» Task objective: Your task is to write out every line of the data exactly. Drop the pictures.

» Available data:
_ _ _ _
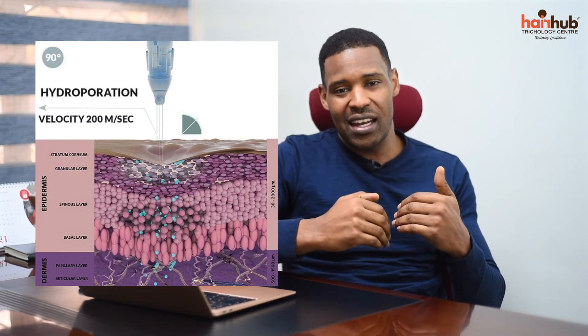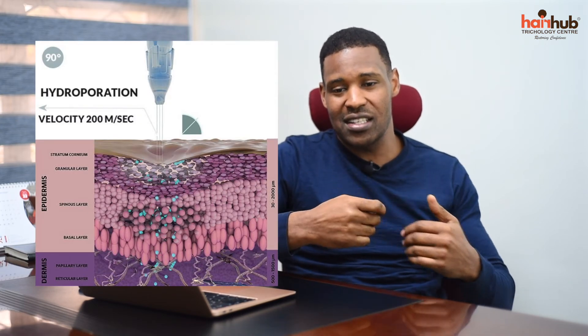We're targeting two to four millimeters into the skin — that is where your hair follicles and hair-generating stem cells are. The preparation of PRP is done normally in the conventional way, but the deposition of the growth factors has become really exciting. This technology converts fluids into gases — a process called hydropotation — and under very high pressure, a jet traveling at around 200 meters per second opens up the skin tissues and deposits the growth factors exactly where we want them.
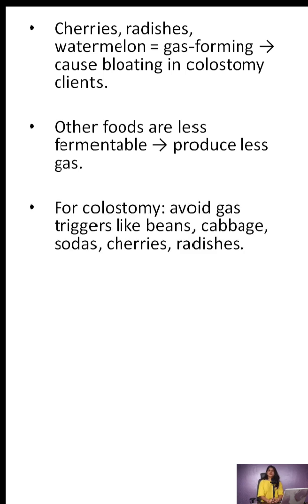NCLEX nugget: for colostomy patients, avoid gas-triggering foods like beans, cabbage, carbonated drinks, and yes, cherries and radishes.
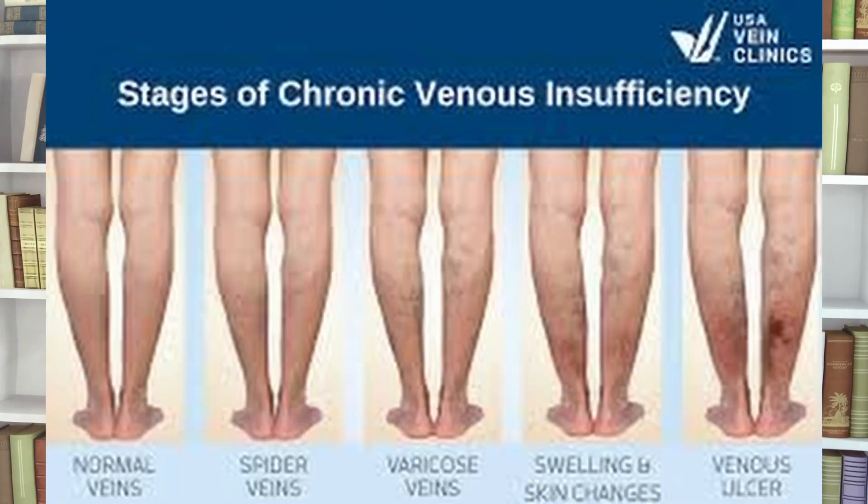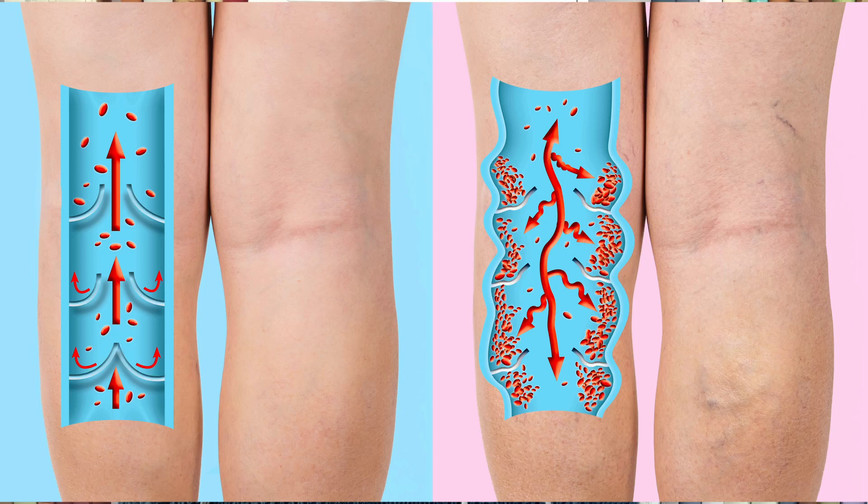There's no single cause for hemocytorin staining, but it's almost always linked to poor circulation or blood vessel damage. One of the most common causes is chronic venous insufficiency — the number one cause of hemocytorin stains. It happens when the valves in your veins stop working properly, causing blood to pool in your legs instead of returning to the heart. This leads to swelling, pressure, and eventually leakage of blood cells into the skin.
_ _ _ _
» Response below:
We're targeting two to four millimeters into the skin — that is where your hair follicles and hair-generating stem cells are. The preparation of PRP is done normally in the conventional way, but the deposition of the growth factors has become really exciting. This technology converts fluids into gases — a process called hydropotation — and under very high pressure, a jet traveling at around 200 meters per second opens up the skin tissues and deposits the growth factors exactly where we want them.
NCLEX nugget: for colostomy patients, avoid gas-triggering foods like beans, cabbage, carbonated drinks, and yes, cherries and radishes.
There's no single cause for hemocytorin staining, but it's almost always linked to poor circulation or blood vessel damage. One of the most common causes is chronic venous insufficiency — the number one cause of hemocytorin stains. It happens when the valves in your veins stop working properly, causing blood to pool in your legs instead of returning to the heart. This leads to swelling, pressure, and eventually leakage of blood cells into the skin.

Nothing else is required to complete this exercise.